OK, I've got my sample in .NET, I've got VB6 available, but will probably just keep going with what I have.

Rather than Decimal, you should try declaring LST to be a float, but, you might want to look up the limits of the float data type.  In the problem comments, they were saying that you might need as many as 12 decimal positions to accurately calculate LST, and I think that float might handle that.  So, try something like this and let me know how it goes:

Dim LST As float
Dim dd_float as float

dd_float = dd

LST = 280.46061837 + (360.98564736629 * dd_float) + (-1.9166702079166957)

While LST < 0.0
LST = LST + 360.0
End While

text12.Text = FORMAT(LST,"###,##0.000000000000")

The reason I'm bothering to convert dd to a float is that VB decides what data type to cast the result of a calculation based on the lowest common denominator of the arguments of the calculation.  So, if all your values are floats except for one double, then it will make the result of each intermediate calculation a double... and you'll suffer a loss of precision.  By explicitly converting dd to a float, then it forces VB to make all intermediate results floats and you should keep your precision (... should)

If that doesn't work, then we might have to create a bunch of float variables and assign all of the constants to the float variables to ensure VB uses all floats.

I've also given you the VB6 equivalent to ToString with the Format statement.

On the stuff you found.  Yes, I'd forgot that in navigation, their zero meridan is called Aries, and so often, rather than longitude, it is called Aries Angle, which in our example is called Right Ascension.  I don't know if we're supposed to correct for that or not, or if it was included in our calcs... It might be what that 1.915 number is all about.

(the minutes I'm talking about below are the degrees minutes, not the hours minutes)
One note, at the equator, the distance between a degree of longitude is about 60 nautical miles or about one nautical mile per minute of longitude.  However, even though there are also 60 minutes of longitude at, say, N45 degrees latitude, the distance from one minute to the next is only maybe a half nautical mile, making one degree only 30 nautical miles apart.  At the pole, all the longitude lines converge.
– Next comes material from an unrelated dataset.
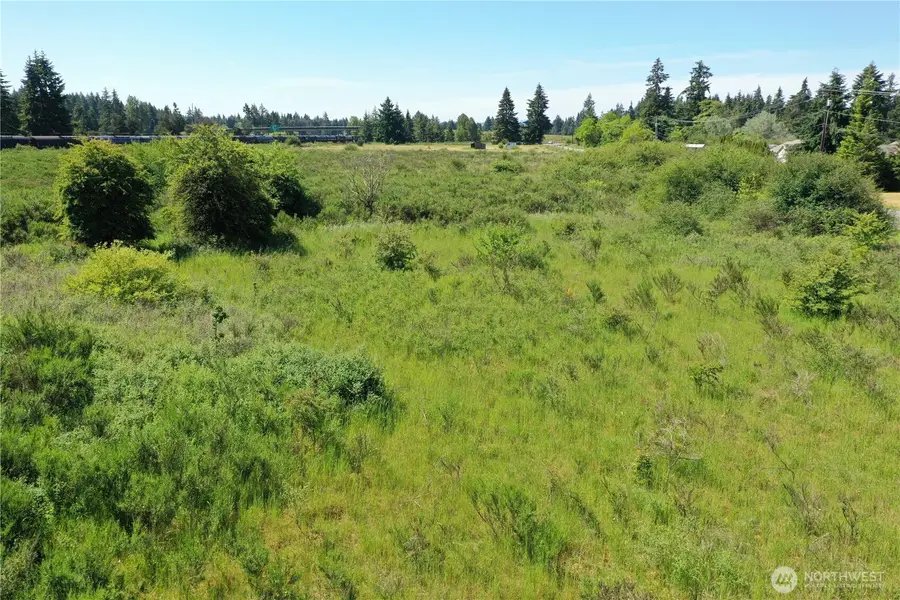 18132 Case Road Sw, Rochester, WA 98579 - #3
Probably not important for this problem, but just so you know that though longitude lines are evenly spaced around the globe, the actual distance between them has to be calculated based on the latitude.

0

Author Commented:
float is not in vb6, here are the types:

" Double
The Double data type is a 64-bit floating point number used when high accuracy is needed. These variables can range from -1.79769313486232e308 to -4.94065645841247e-324 for negative values and from 4.94065645841247e-324 to 1.79769313486232e308 for positive values.

" Long
The Long data type is a 32-bit number which can range from -2,147,483,648 to 2,147,483,647. Long variables can only contain non-fractional integer values. I myself use Long variables over Integers for increased performance. Most Win32 functions use this data type for this reason.

" Single
The Single data type is a 32-bit number ranging from -3.402823e38 to -1.401298e-45 for negative values and from 1.401298e-45 to 3.402823e38 for positive values. When you need fractional numbers within this range, this is the data type to use.

0

Author Commented:
I have found what is making us crazy here in the sample they take
" Position of the Sun at 11:00 UT on 1997 August 7th in
Birmingham UK (52.5 latitude, -1.91667 longitude. Longitude is
always taken as negative to the West)"
So the -1.91667 is longitude in Birmingham :-)
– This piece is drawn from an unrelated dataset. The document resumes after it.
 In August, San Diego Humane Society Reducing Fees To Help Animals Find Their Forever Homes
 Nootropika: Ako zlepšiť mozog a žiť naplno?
I was wondering about that number and why we need it but I saw this from another c++ sample I have
to calculate sunrise and set and we are not doing that right :)

0

Commented:
I guess Double is going to be as high as you're going to get in terms of precision, so, stick with that, but perhaps either move all constants into a double variable before the calculation, or cast them as doubles in the calculation to insure that all intermediate variables are typed as double as well.

Yea, this second example added a new twist that I didn't read carefully enough... I thought it was the same exercise as the first one.  In the first one, we were calculating the lat/lon of the geographical position (GP) of the sun for a given date/time (ie, where the sun is directly over head at that date/time).

This second exercise is saying "where in the sky is the sun, as seen from Birmingham England on this date/time".  Assuming that Birmingham isn't in the exact GP of the sun at that moment, then the sun will appear lower than 90 degrees in the sky.  And, rather than being directly South (if we were standing in the Northern Hemisphere and we were at the same longitude as the GP of the sun), or North (if we were standing in the Southern Hemisphere), the sun will have some bearing from our position in Birmingham.

So, that is what this extra calculation does.  It tells you the angle of the sun above the horizon (the altitude), and the aziumuth (bearing) from your position.  So, the LONG and the LAT in that equation are supposed to be the lat/long of Birmingham, not the alpha and delta we calculated.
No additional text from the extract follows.